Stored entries
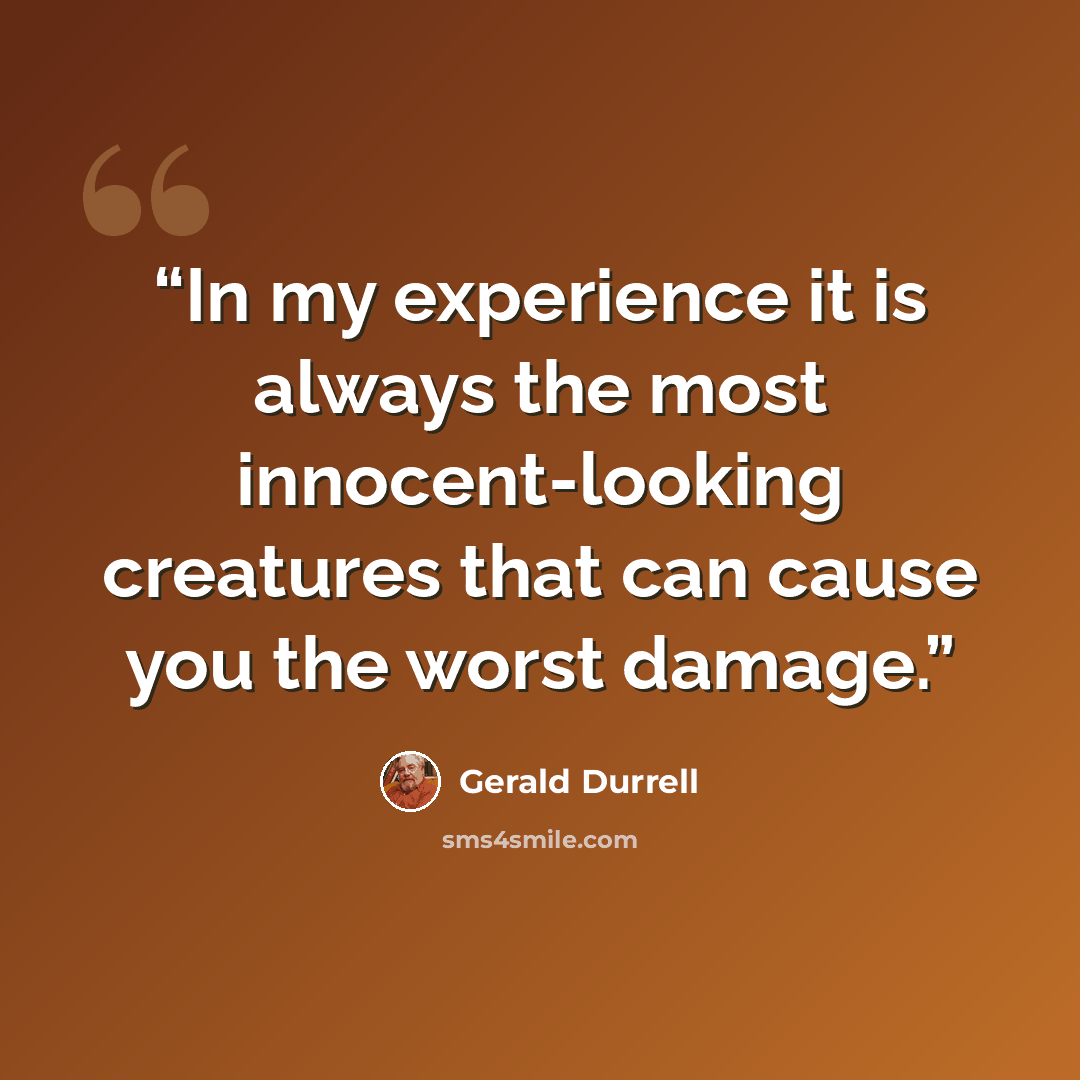 “In my experience it is always the most innocent-looking creatures that can cause you the worst damage.” quote by Gerald Durrell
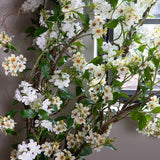 Plumbago Ramo con Fiori • 150 cm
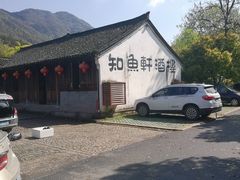 -知鱼轩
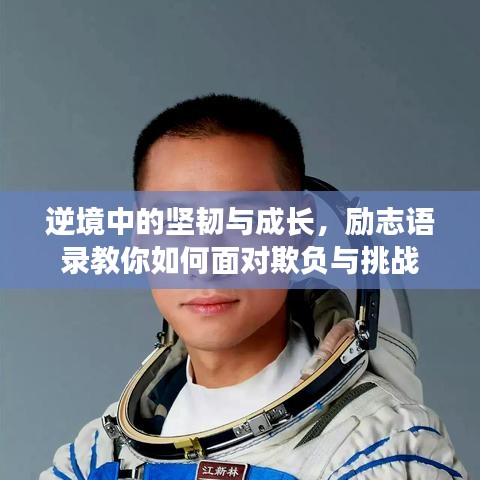 逆境中的坚韧与成长，励志语录教你如何面对欺负与挑战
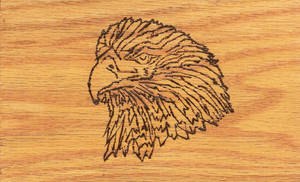 Eagle Woodburn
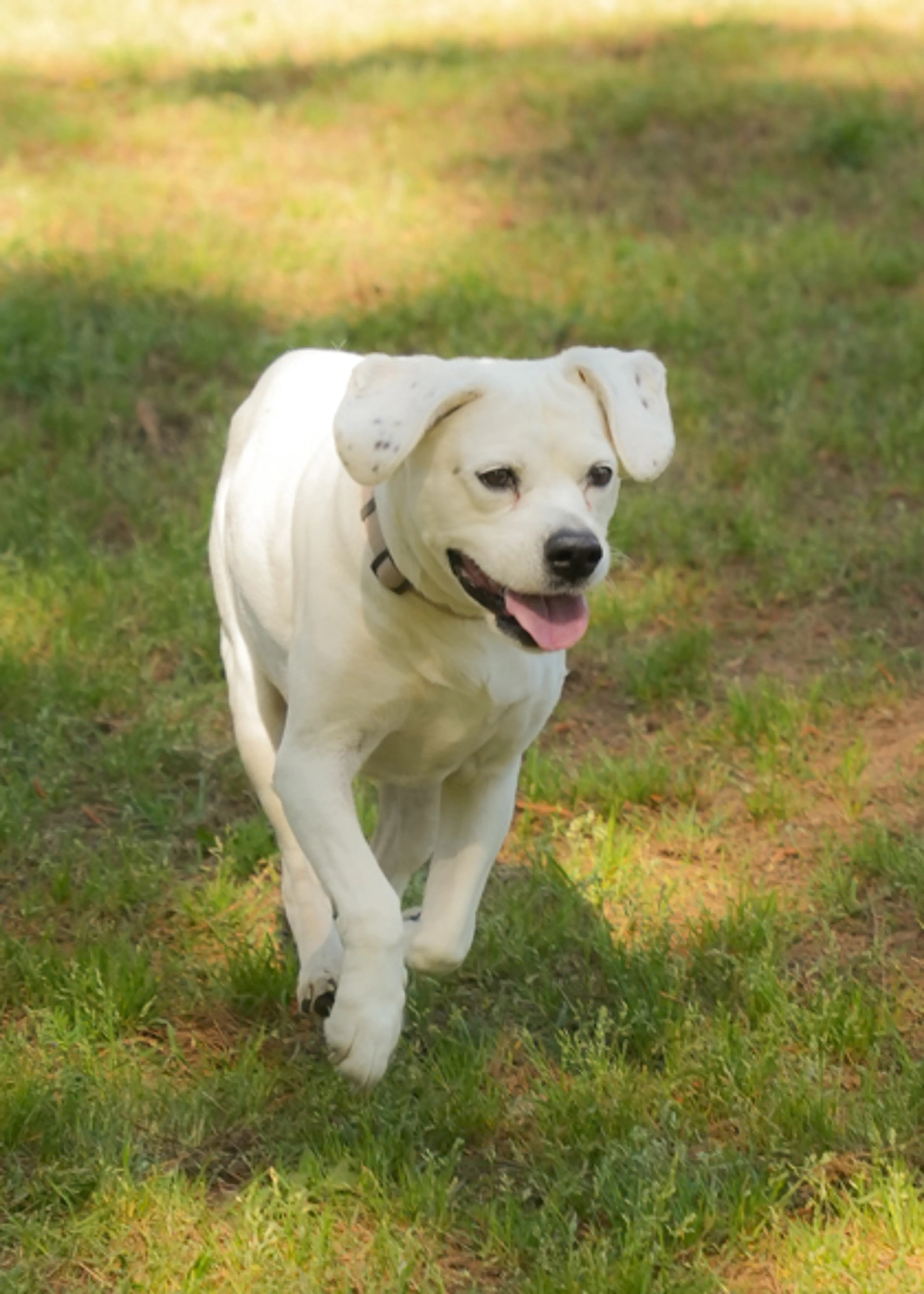 Found pet-2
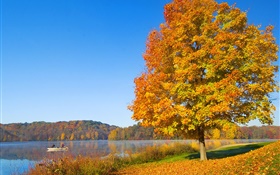 Outono, árvore, folhas amarelas, rio HD Papéis de Parede
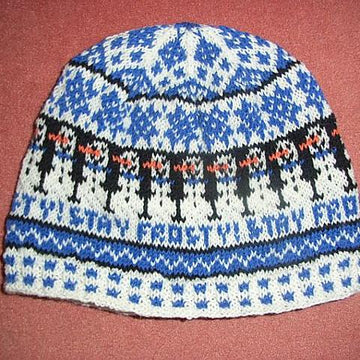 Stay frosty beanie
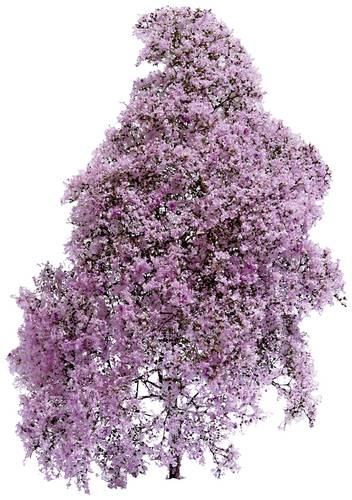 Busch 3587 Frühling Lila, Blühend
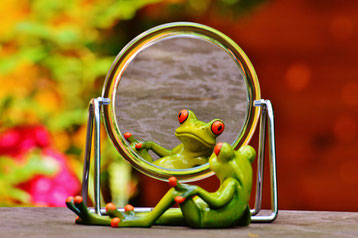 Frosch und sein Spiegelbild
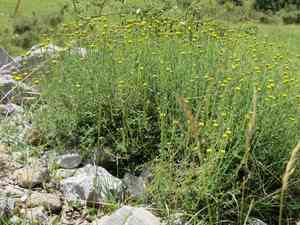 Cotton lavender(Santolina chamaecyparissus)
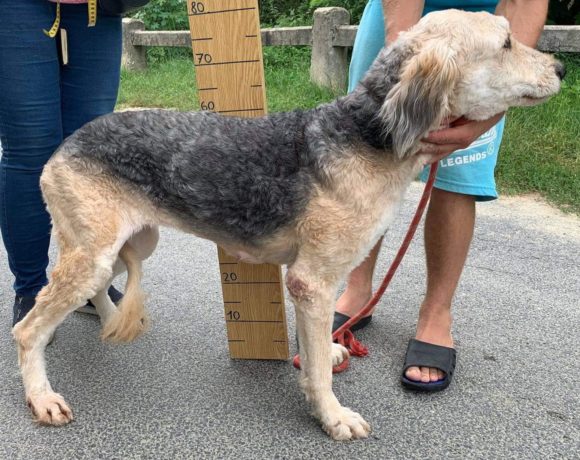 Tisza ! Transportpaten gefunden! ♥vermittelt♥ →11/2020 Tisza ! Transportpaten gefunden! ♥vermittelt♥ →11/2020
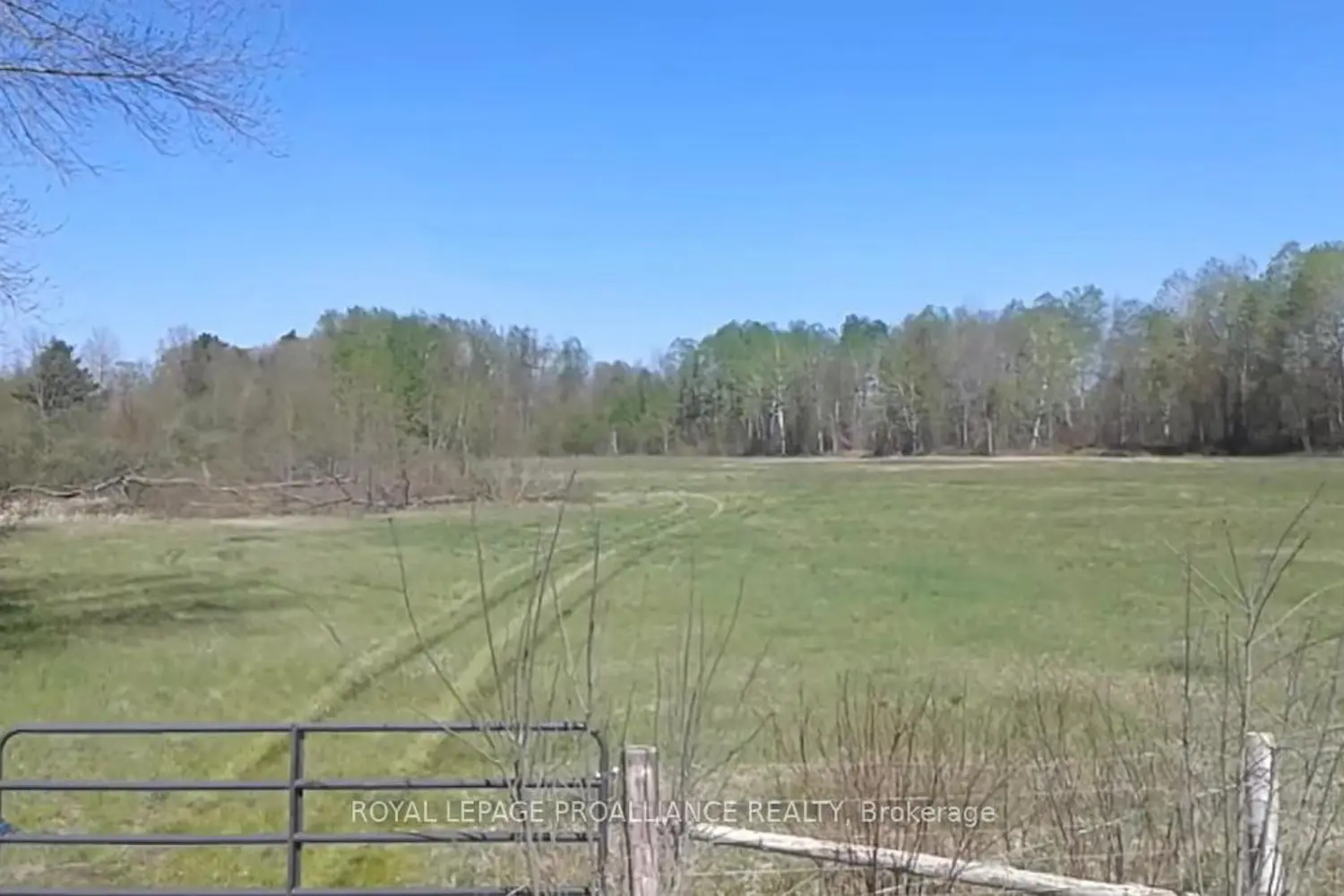 Additional image 17 of 1306 Sulphide Road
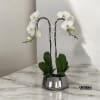 A high quality Double white orchids arrangement with a vase 9&quot; D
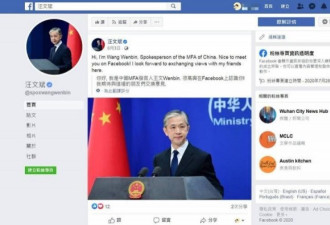 有蓝勾勾！中国外交部发言人汪文斌脸书曝光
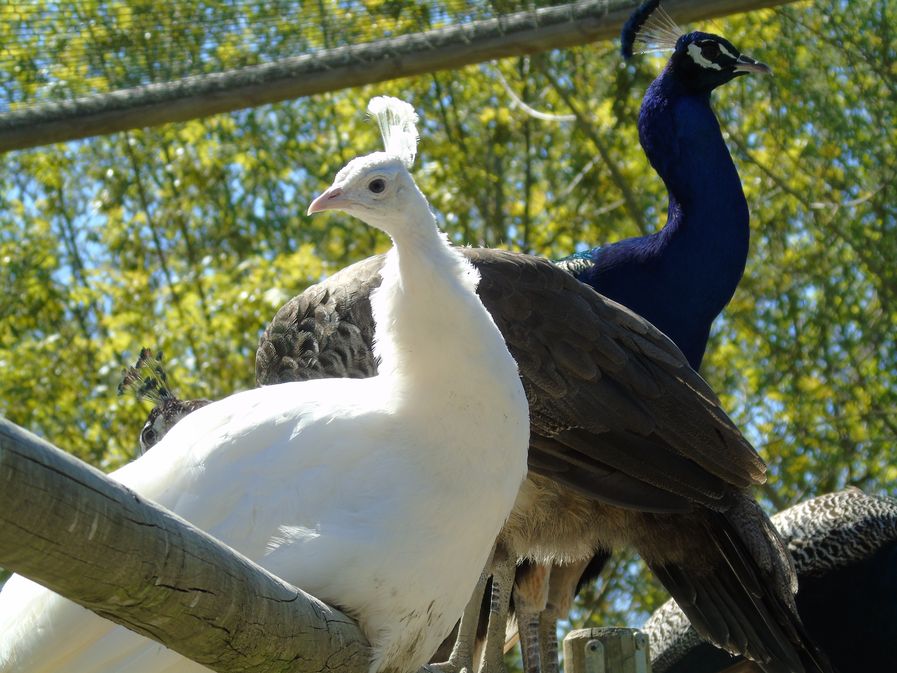 Zoo Refuge de Mescoules/Bergerac, Mescoules - photo 9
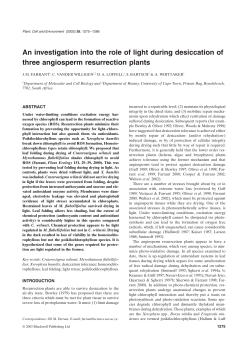 An investigation into the role of light during desiccation of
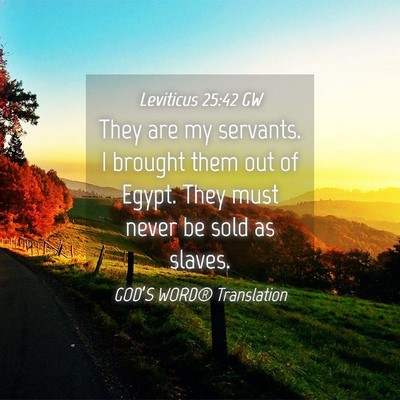 Picture 04 - Leviticus 25:42 GW - They are my servants. I brought them out of - Bible Verse Picture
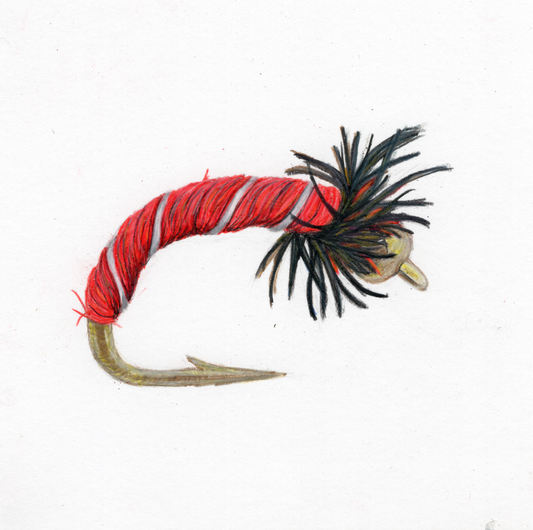 Red Zebra Midge Fly Print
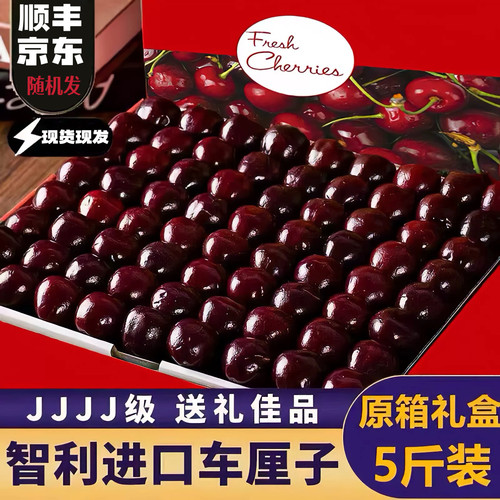 智利进口5J桑提娜车厘子樱桃新鲜水果大果应当季顺丰包邮礼盒发货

TASK DETAILS
Retype exactly, please, the span from the line holding "Additional image 17 of 1306 Sulphide Road" through the closing line of the data, both ends included, without the pictures.

TASK RESULT
 Additional image 17 of 1306 Sulphide Road
 A high quality Double white orchids arrangement with a vase 9&quot; D
 有蓝勾勾！中国外交部发言人汪文斌脸书曝光
 Zoo Refuge de Mescoules/Bergerac, Mescoules - photo 9
 An investigation into the role of light during desiccation of
 Picture 04 - Leviticus 25:42 GW - They are my servants. I brought them out of - Bible Verse Picture
 Red Zebra Midge Fly Print
 智利进口5J桑提娜车厘子樱桃新鲜水果大果应当季顺丰包邮礼盒发货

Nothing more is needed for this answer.